Artificial intelligence and machine learning are revolutionizing early-stage clinical trials. Technology has the power to speed up these trials — meaning they move to late-stage testing and to the general market faster — while also making them safer.
One way AI tools protect patients is with synthetic data, using either simulated data or obscured data to protect the anonymity of trial participants.
Why is synthetic data used and why is it so valuable?
More Researchers Are Turning to Synthetic Data Early-On
Synthetic data allows researchers to have access to information they otherwise wouldn’t have. The information is private, complete and can be reviewed in great detail with no harm to patients. This is particularly useful in early-stage testing when trial leaders are focused on dosage and safety.
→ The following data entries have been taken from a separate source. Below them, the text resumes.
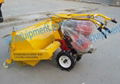 Mini gas  snow sweeper machine for sale 2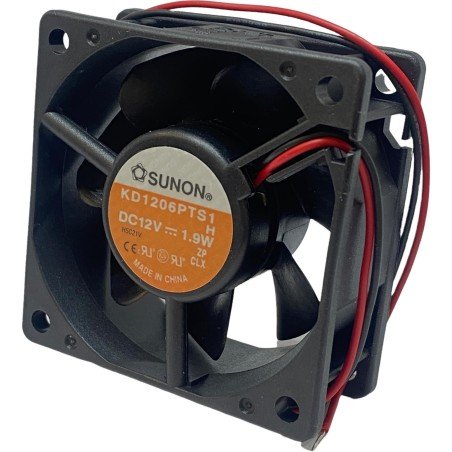 KD1206PTS1 Sunon Cooling Fan 12V/1.9W 60x60x25mm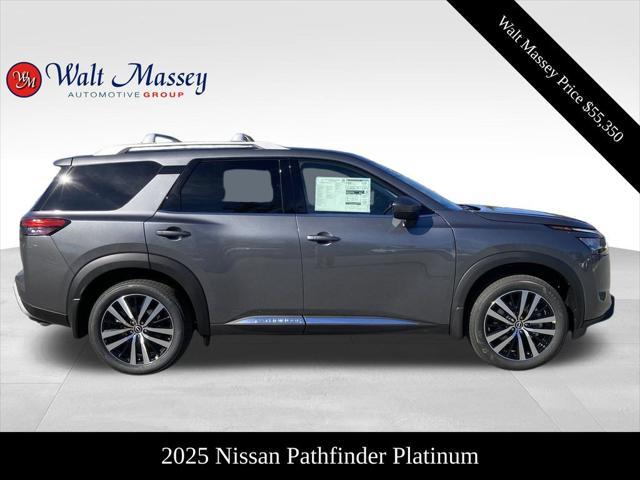 new 2025 Nissan Pathfinder car, priced at $55,350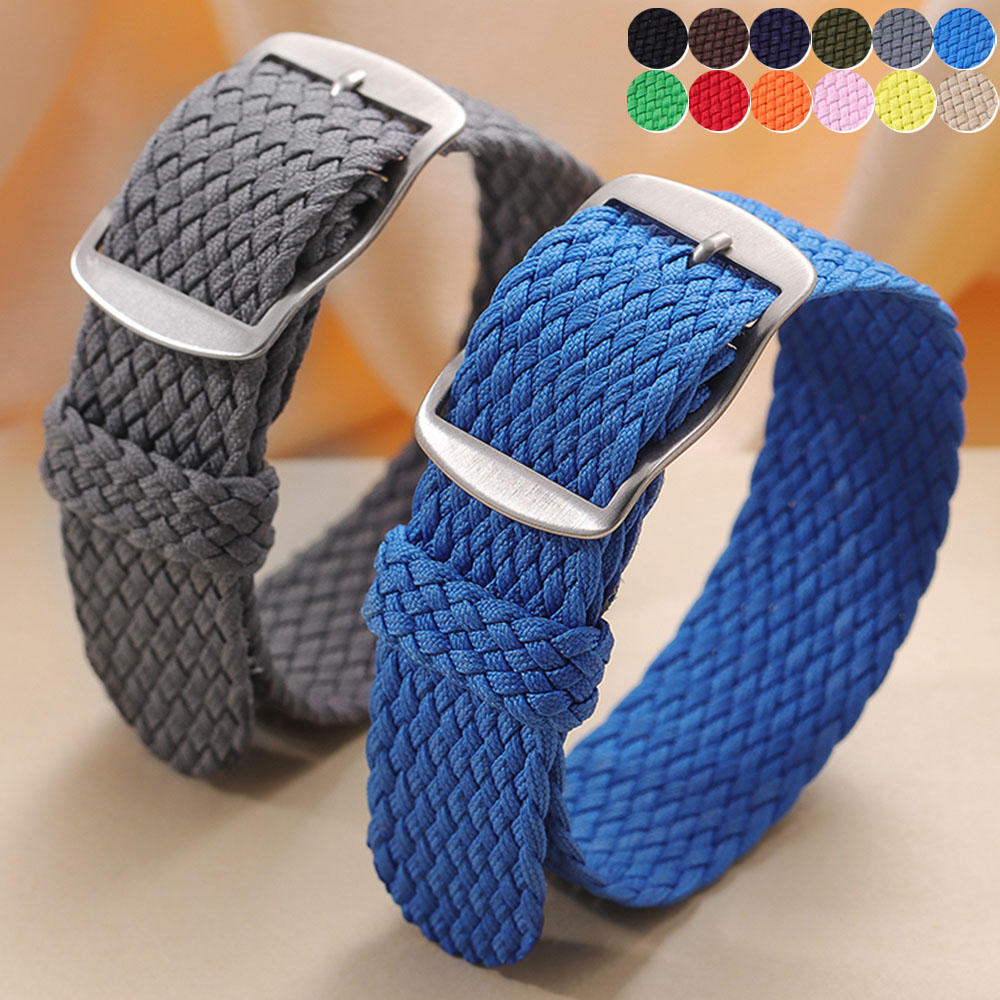 Perlon Strap Woven - Высококачественный плетеный нейлоновый ремешок для часов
“Researchers, innovators, entrepreneurs and policymakers all are creating synthetic patient records to answer a number of important healthcare questions,” says Robert Lieberthal, principal health economist at MITRE. “The types of interoperable, complete patient records that exist in synthetic data sources rarely exist in the real world...breaking the silos that exist between different provider groups.”
More researchers are willing to use synthetic data as its quality and value are proven within the industry. Kalyan Veeramachaneni, principal research scientist at MIT, led a study that compared the results of synthetic data against the same studies with real data. His team hired 39 freelance data scientists to conduct 15 tests across five datasets. There was no significant performance difference in 11 out of 15 tests — a 70 percent success rate. Other studies have shown even closer results, proving that synthetic data can be relied upon.
As more clinical trial professionals use synthetic data, they see its value. It’s no longer up to early adopters and industry pioneers to show that it can be used.
Synthetic Data Protects Privacy While Maintaining Data Credibility
One of the main benefits of synthetic data is the patient privacy that comes with it. There’s no risk of patients having their health information exposed or potentially stolen.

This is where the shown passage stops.